# What is required:
Reproduce, exactly and in full, the lines from the one with "Young man with" through the one with "Appartements Le Love" in the data below; drop pictures.

# Source information:

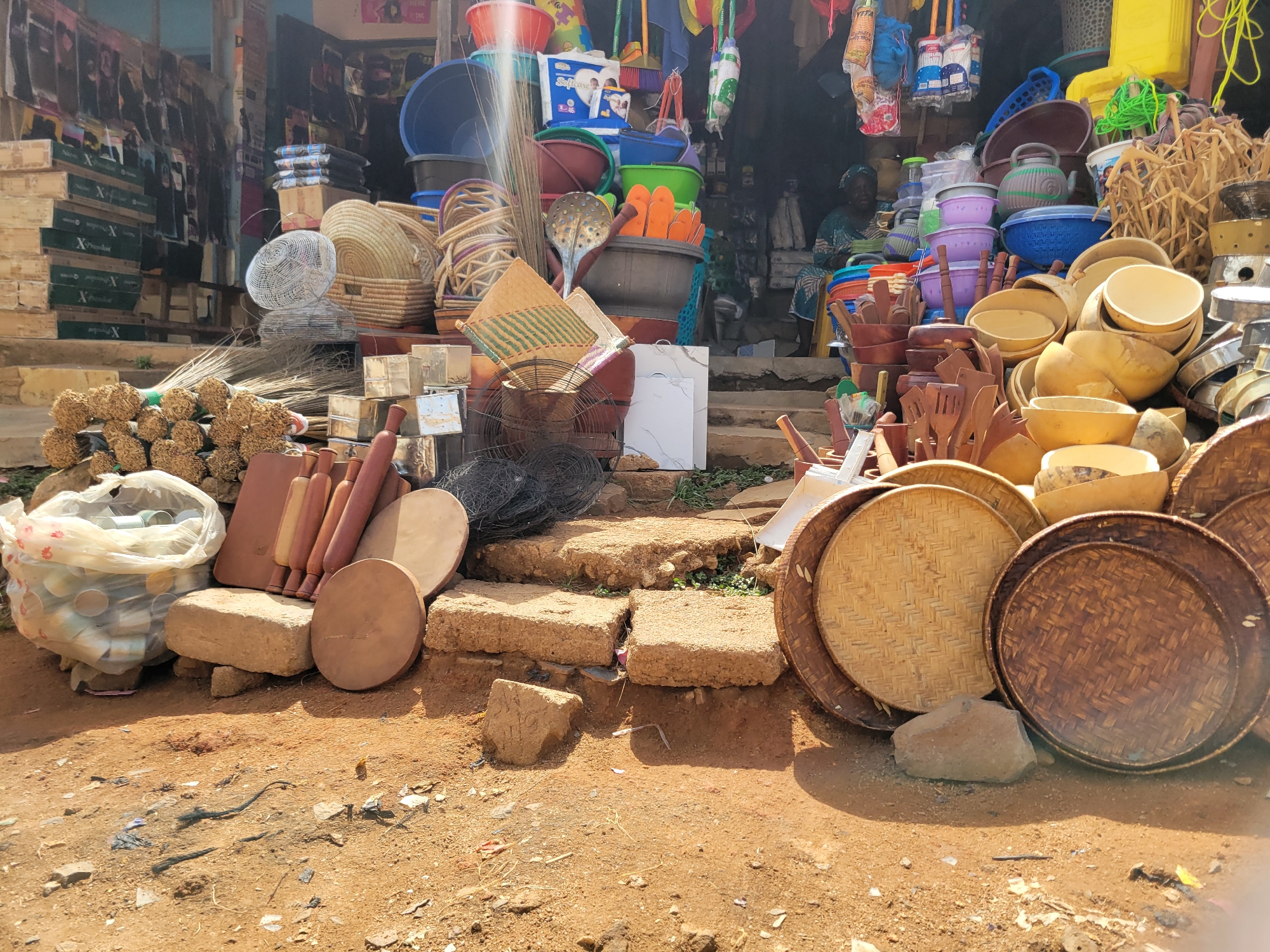 The image depicts an outdoor market scene in Jos, Nigeria. A variety of goods are displayed for sale, including woven baskets, wooden bowls and utensils, plastic basins, brooms, metal fans, and rolling pins. A woman sits in the background, likely tending the stall. The goods are arranged on and around concrete steps and the surrounding dirt ground. The area appears to be a bustling commercial zone.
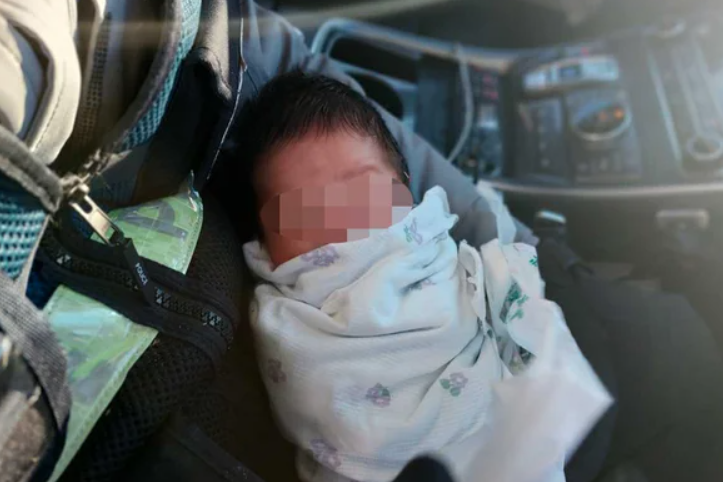 한파 속 버려진 갓난아이가 구조되어 경찰관의 품에 있는 모습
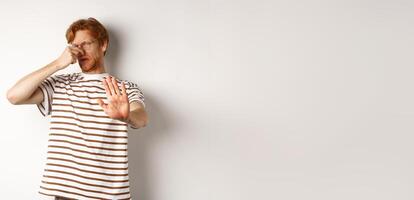 Young man with red hair staring at camera and shut nose from bad smell, looking disgusted and refusing, white background photo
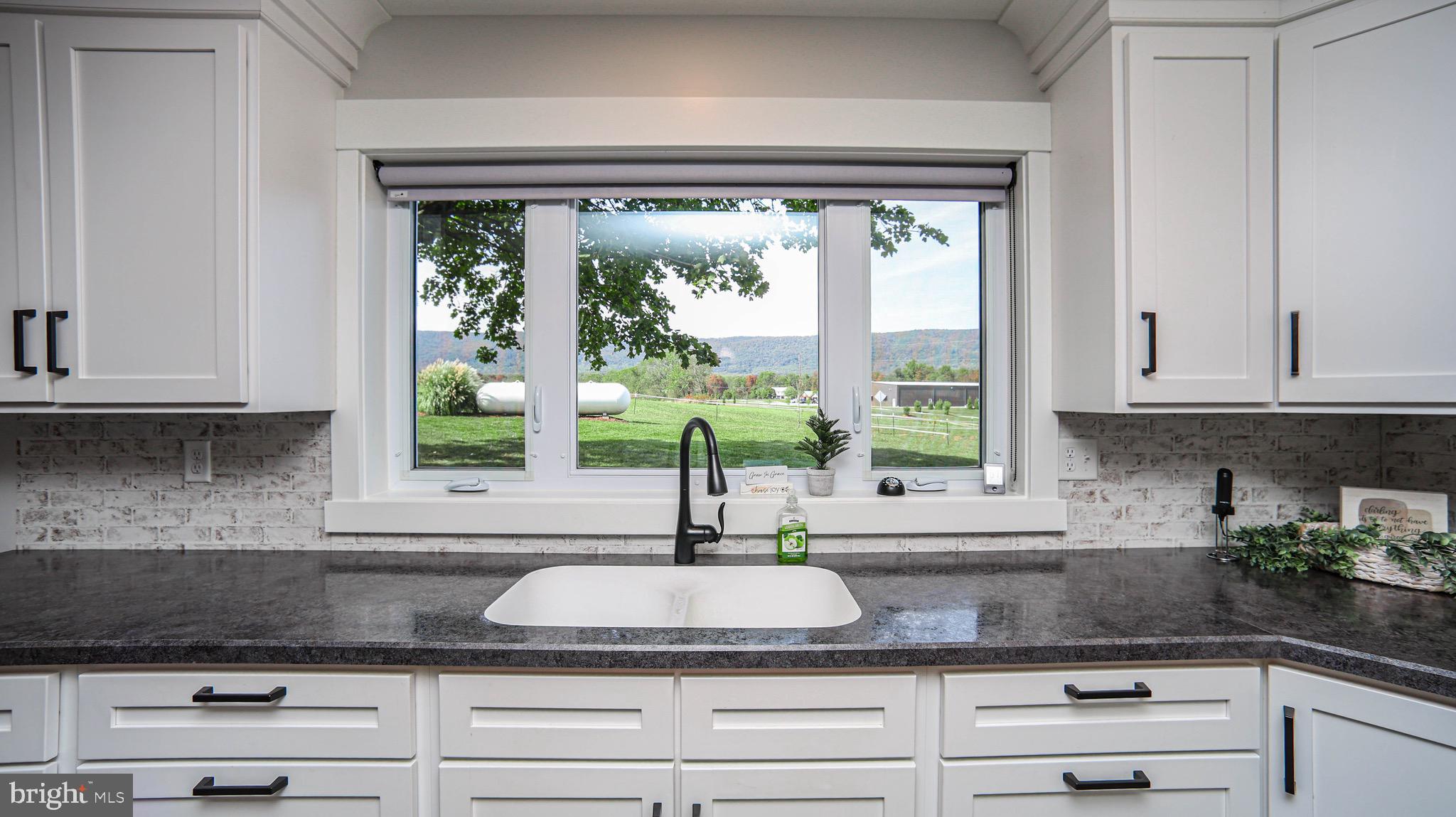 1203 Roxbury Road Newburg, PA 17240 - Photo 3 of 64 a kitchen with granite countertop a window and white cabinets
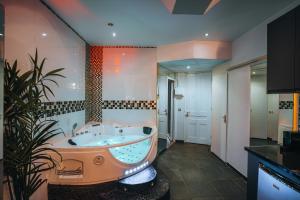 Appartements Le Love Spa : photos des chambres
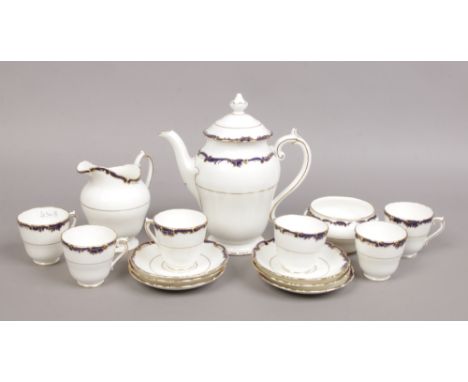 A Coalport six place bone china coffee service decorated with blue enamel and gilding including coffee pot, cream jug, sugar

# Response for this exercise:
 Young man with red hair staring at camera and shut nose from bad smell, looking disgusted and refusing, white background photo
 1203 Roxbury Road Newburg, PA 17240 - Photo 3 of 64 a kitchen with granite countertop a window and white cabinets
 Appartements Le Love Spa : photos des chambres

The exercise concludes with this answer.